グランプリは、全国の商業高校からエントリー商品を募り、その商品を味、独創性、地域社会への貢献度などを基準に大会事務局が審査。同社の品質保証部の確認を経て、本選に出場する高校を決定している。今回は6校6品が本選に進んだ。
■北海道・東北ブロック 北海道函館商業高等学校 「The Butter Chicken Curry」
■関東・甲信越ブロック 山梨県立ひばりが丘高等学校 「吉田のうどんだしMAX」
■東海・北陸ブロック 三重県立水産高等学校 「カツオのキーマカレー」
■関西ブロック 堺市立堺高等学校 「べっぴんさん甘酒ノンオイルドレッシング」
■中国・四国ブロック 高知県立安芸桜ケ丘高等学校 「なすのプリン」
■九州・沖縄ブロック 福岡県立小倉商業高等学校 「恋するドレッシング koidore」
商品開発に込めた思いを生徒たちが発表
本選は一般来場者の投票と、6人の審査員による審査で各賞を決定した。一般来場者の投票基準は「味の良さだけでなく、接客やブースの装飾」が優れた高校となっており、各校のブースは様々な方法で商品をアピールしていた。審査員による判定は「商品の販売戦略」をテーマに、商品の独創性・新規性や、販売を意識した商品の陳列・ブースの装飾、5分間プレゼンテーションなど、8項目に出場校6校が臨んだ。最終日に行ったプレゼンテーションは、学校法人服部学園理事長の服部幸應氏、美養サラダ研究家の宮前真樹氏ら6人の審査員を前に、商品や地域への思い、商品の販売戦略について説明した。大賞を目指す高校生たちの熱気で会場はヒートアップ。

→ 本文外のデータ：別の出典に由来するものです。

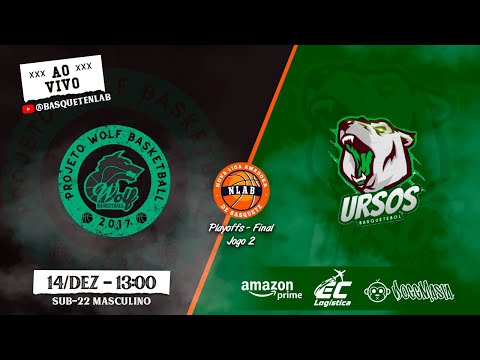AO VIVO PLAYOFFS - WOLF (0) X (1) URSOS |  JOGO 2 | SUB 22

大賞の発表時には、大きな歓声と拍手に包まれた。
大賞
「なすのプリン」 高知県立安芸桜ケ丘高等学校
服部幸應審査員特別賞
「The Butter Chicken Curry」 北海道函館商業高等学校
宮前真樹審査員特別賞
「恋するドレッシング koidore」 福岡県立小倉商業高等学校
審査員特別賞
「吉田のうどんだしMAX」 山梨県立ひばりが丘高等学校
「べっぴんさん甘酒ノンオイルドレッシング」 堺市立堺高等学校
「カツオのキーマカレー」 三重県立水産高等学校
来場者賞
「なすのプリン」 高知県立安芸桜ケ丘高等学校
大賞を受賞した「なすのプリン」ができるまで
今回「なすのプリン」で大賞となった高知県立安芸桜ケ丘高校のビジネス応援部顧問の金子宏(かねこひろし)先生と、生徒リーダーの手島茉利奈(てしままりな)さんに、開発のエピソードを聞きました。
―「なすのプリン」について、特徴を教えてください。
(手島)ナスは安芸市の特産品です。環境に配慮したエコシステム栽培という、こだわりの農法で育てられたナスを、もっとたくさんの人に食べてもらいたくてプリンにしました。
―なぜ「プリン」にしたのですか。
(手島)私の家は祖母がナスを栽培しているのですが、実は私自身、ナスが苦手なんです。小さい子もナス嫌いの子が多いと聞いて、子どもでも食べられるナスの調理方法をみんなで相談しました。好きじゃない人にとっては、苦いし、食感も微妙なナスをどのようにするかと話す中で「スイーツにしたい」という意見が出て、スイーツの中でも人気のある「プリンにすること」が決まりました。
―開発秘話を教えてください。
(手島)開発に当たっては、地元食材の加工販売や、オーガニック製品を製作している「まる弥企画」さんに協力していただきました。90%以上が水分のナスを、じっくり皮ごと柔らかく煮てできた試作品は、味はおいしかったのですが、見た目が断然、美しくありませんでした。そこで、甘くて香ばしいキャラメルソースを加えたなすのペーストとミルクプリンを交互に重ねて、見た目もかわいいボーダープリンが完成しました。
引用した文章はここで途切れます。